▶ _Task goal_
All entries below must be given again exactly as they stand.

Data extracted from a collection
##############################
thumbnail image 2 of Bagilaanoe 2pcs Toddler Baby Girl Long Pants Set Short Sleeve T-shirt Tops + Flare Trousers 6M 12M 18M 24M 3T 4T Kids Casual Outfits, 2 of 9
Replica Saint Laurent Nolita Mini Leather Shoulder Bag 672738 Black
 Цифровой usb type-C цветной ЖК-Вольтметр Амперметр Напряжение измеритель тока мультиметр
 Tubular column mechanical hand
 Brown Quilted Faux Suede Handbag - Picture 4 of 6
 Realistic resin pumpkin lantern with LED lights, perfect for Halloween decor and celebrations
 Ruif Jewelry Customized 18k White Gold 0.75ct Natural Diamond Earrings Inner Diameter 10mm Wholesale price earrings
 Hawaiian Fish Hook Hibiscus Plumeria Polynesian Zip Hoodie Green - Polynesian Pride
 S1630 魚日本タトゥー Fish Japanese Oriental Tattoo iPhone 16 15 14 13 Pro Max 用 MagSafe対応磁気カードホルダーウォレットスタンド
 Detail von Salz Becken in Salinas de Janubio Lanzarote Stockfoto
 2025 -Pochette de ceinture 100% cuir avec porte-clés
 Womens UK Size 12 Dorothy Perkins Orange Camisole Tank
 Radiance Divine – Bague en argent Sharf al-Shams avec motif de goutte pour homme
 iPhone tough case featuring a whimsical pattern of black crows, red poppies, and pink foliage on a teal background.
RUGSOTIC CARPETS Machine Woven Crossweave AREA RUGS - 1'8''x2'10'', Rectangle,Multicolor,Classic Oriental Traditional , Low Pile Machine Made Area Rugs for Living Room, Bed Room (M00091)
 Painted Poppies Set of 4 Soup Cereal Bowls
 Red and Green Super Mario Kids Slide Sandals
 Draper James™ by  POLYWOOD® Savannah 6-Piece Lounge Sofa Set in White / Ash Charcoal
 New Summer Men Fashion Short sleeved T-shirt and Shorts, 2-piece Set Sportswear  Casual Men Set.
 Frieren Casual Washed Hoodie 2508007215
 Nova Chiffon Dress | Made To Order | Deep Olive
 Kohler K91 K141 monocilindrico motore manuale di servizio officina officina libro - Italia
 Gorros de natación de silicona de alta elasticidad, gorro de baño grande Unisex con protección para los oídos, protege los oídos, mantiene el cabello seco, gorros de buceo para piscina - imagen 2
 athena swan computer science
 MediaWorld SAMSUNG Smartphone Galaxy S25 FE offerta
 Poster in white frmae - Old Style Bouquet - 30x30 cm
##############################
▶ _Answer to this task_
thumbnail image 2 of Bagilaanoe 2pcs Toddler Baby Girl Long Pants Set Short Sleeve T-shirt Tops + Flare Trousers 6M 12M 18M 24M 3T 4T Kids Casual Outfits, 2 of 9
Replica Saint Laurent Nolita Mini Leather Shoulder Bag 672738 Black
 Цифровой usb type-C цветной ЖК-Вольтметр Амперметр Напряжение измеритель тока мультиметр
 Tubular column mechanical hand
 Brown Quilted Faux Suede Handbag - Picture 4 of 6
 Realistic resin pumpkin lantern with LED lights, perfect for Halloween decor and celebrations
 Ruif Jewelry Customized 18k White Gold 0.75ct Natural Diamond Earrings Inner Diameter 10mm Wholesale price earrings
 Hawaiian Fish Hook Hibiscus Plumeria Polynesian Zip Hoodie Green - Polynesian Pride
 S1630 魚日本タトゥー Fish Japanese Oriental Tattoo iPhone 16 15 14 13 Pro Max 用 MagSafe対応磁気カードホルダーウォレットスタンド
 Detail von Salz Becken in Salinas de Janubio Lanzarote Stockfoto
 2025 -Pochette de ceinture 100% cuir avec porte-clés
 Womens UK Size 12 Dorothy Perkins Orange Camisole Tank
 Radiance Divine – Bague en argent Sharf al-Shams avec motif de goutte pour homme
 iPhone tough case featuring a whimsical pattern of black crows, red poppies, and pink foliage on a teal background.
RUGSOTIC CARPETS Machine Woven Crossweave AREA RUGS - 1'8''x2'10'', Rectangle,Multicolor,Classic Oriental Traditional , Low Pile Machine Made Area Rugs for Living Room, Bed Room (M00091)
 Painted Poppies Set of 4 Soup Cereal Bowls
 Red and Green Super Mario Kids Slide Sandals
 Draper James™ by  POLYWOOD® Savannah 6-Piece Lounge Sofa Set in White / Ash Charcoal
 New Summer Men Fashion Short sleeved T-shirt and Shorts, 2-piece Set Sportswear  Casual Men Set.
 Frieren Casual Washed Hoodie 2508007215
 Nova Chiffon Dress | Made To Order | Deep Olive
 Kohler K91 K141 monocilindrico motore manuale di servizio officina officina libro - Italia
 Gorros de natación de silicona de alta elasticidad, gorro de baño grande Unisex con protección para los oídos, protege los oídos, mantiene el cabello seco, gorros de buceo para piscina - imagen 2
 athena swan computer science
 MediaWorld SAMSUNG Smartphone Galaxy S25 FE offerta
 Poster in white frmae - Old Style Bouquet - 30x30 cm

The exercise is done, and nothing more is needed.